Yes, with people able to look beyond the immediate goodies, Malaysians have demonstrated to me that they have the courage and determination to make use of the democratic process to change the future of the country. I knew this would happen sooner or later and I’m definitely going to make Malaysia one of my retirement homes. The question that inevitably strikes the minds of Singaporeans is, can this happen here? Some have used their imagination to put together a dream team of former PAP members and current opposition members. They analysed Mahathir’s strategies and speculated on how the game could be won. I’m far less optimistic. Sunzi’s art of war emphasises on right timing, favourable terrain and human factors. While Malaysia had all three this time round (and it’s really the people who defeated Najib, not Mahathir) , Singapore is going to miss out on the third factor for a very long time for the simple reason that too many people are contented and not bothered with right and wrong. So what if the government keeps taxing us indirectly to provide itself with a super wide margin of safety for itself at our expense? People are still surviving. They are still shopping, buying cars and going on holidays. Why rock the boat when you can’t see what’s going to happen to your kids and their kids?
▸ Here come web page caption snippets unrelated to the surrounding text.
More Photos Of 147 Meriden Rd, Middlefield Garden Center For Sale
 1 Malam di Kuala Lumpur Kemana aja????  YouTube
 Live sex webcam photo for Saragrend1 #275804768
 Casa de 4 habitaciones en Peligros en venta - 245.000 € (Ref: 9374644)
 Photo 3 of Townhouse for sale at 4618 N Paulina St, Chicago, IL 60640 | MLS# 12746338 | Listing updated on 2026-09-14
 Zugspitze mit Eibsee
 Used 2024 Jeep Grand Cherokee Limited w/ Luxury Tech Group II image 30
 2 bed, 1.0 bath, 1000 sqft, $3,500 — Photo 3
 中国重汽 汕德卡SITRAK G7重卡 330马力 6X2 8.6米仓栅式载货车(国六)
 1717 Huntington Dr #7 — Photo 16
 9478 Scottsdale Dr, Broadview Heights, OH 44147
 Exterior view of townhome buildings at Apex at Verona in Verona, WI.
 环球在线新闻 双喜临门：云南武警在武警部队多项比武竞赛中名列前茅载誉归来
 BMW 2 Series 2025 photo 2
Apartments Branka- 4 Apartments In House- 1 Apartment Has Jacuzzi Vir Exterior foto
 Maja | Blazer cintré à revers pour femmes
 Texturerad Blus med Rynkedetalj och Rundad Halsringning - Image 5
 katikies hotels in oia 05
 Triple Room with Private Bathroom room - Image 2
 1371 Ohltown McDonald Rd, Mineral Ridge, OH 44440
“As to growth in GDP, it can be obtained very easily by loading future generations with debt – and the future economy may collapse upon the need to repay such debt.” – Nassim Nicholas Taleb
Amid all the cheering on this side of the Causeway, there are still a lot of myopic Singaporeans who think that it’s a catastrophe for Malaysia now that the ruling party is vanquished. Markets will be in turmoil and the Ringgit would be even “cheaper”. I don’t see why our leaders should be worried about increasing GST instead of scrapping it. People here have grown so rigid (even more so than 92-year-old) that they can’t handle a bit of teething pain. For all of Mahathir’s sins and mistakes, including things like Project IC and not limited to saying stupid things and shooting himself in the foot, he is now a hero, having acted as a representative to remove the Malaysian people’s nemesis. I guess it’s easier to remove your protege than to remove your own son.